** Directions **
In the entries that follow, the line with "Gravy is registered" opens the range and the line with "a bedroom with" closes it; repeat that range exactly, both lines included.

** Source information **

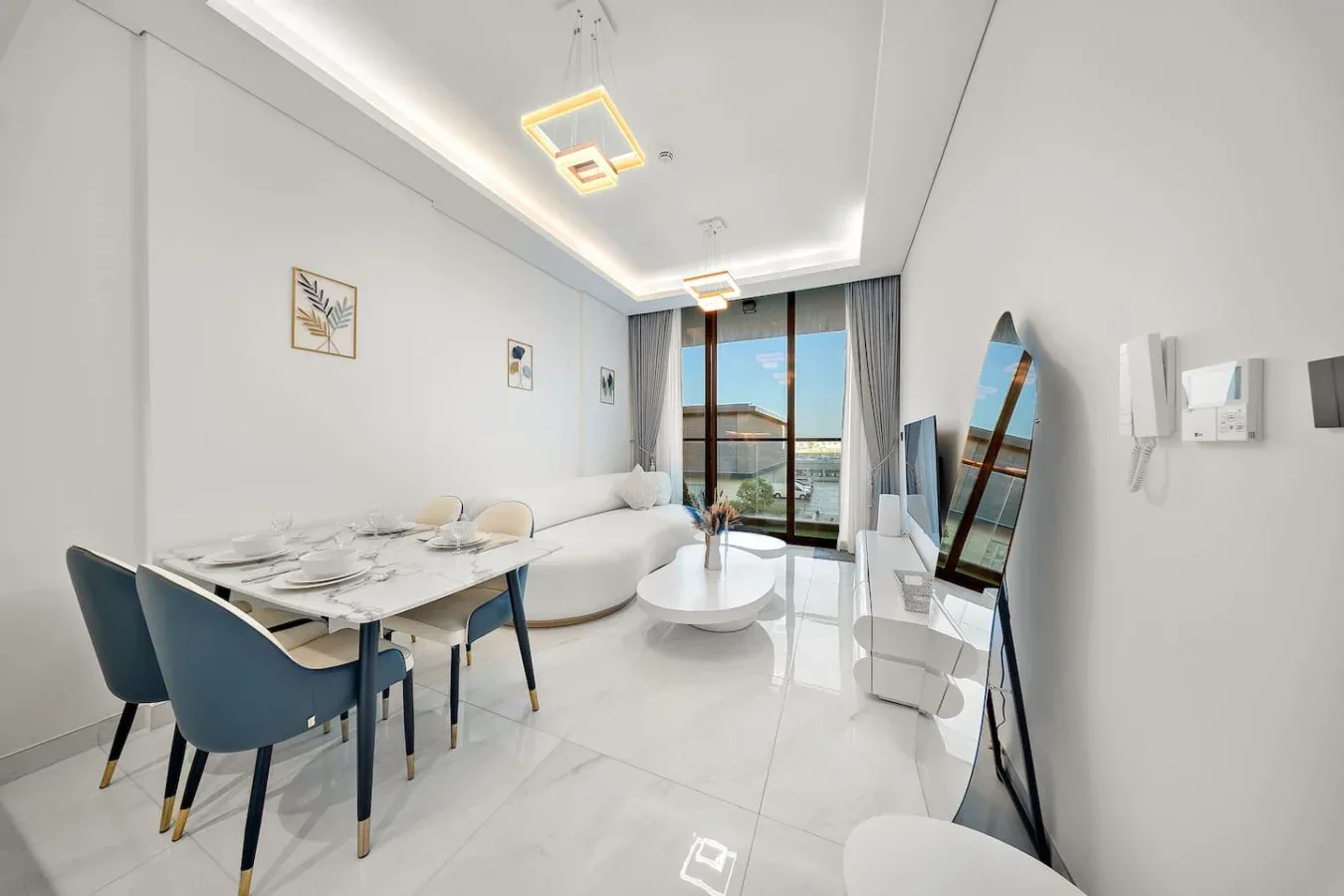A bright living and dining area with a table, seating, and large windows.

---

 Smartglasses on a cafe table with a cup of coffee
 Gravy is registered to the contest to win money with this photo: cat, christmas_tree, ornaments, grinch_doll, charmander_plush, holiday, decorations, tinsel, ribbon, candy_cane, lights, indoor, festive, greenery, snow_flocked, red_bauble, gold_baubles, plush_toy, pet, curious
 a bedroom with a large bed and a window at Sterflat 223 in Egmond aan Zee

** Response to the task **
 Gravy is registered to the contest to win money with this photo: cat, christmas_tree, ornaments, grinch_doll, charmander_plush, holiday, decorations, tinsel, ribbon, candy_cane, lights, indoor, festive, greenery, snow_flocked, red_bauble, gold_baubles, plush_toy, pet, curious
 a bedroom with a large bed and a window at Sterflat 223 in Egmond aan Zee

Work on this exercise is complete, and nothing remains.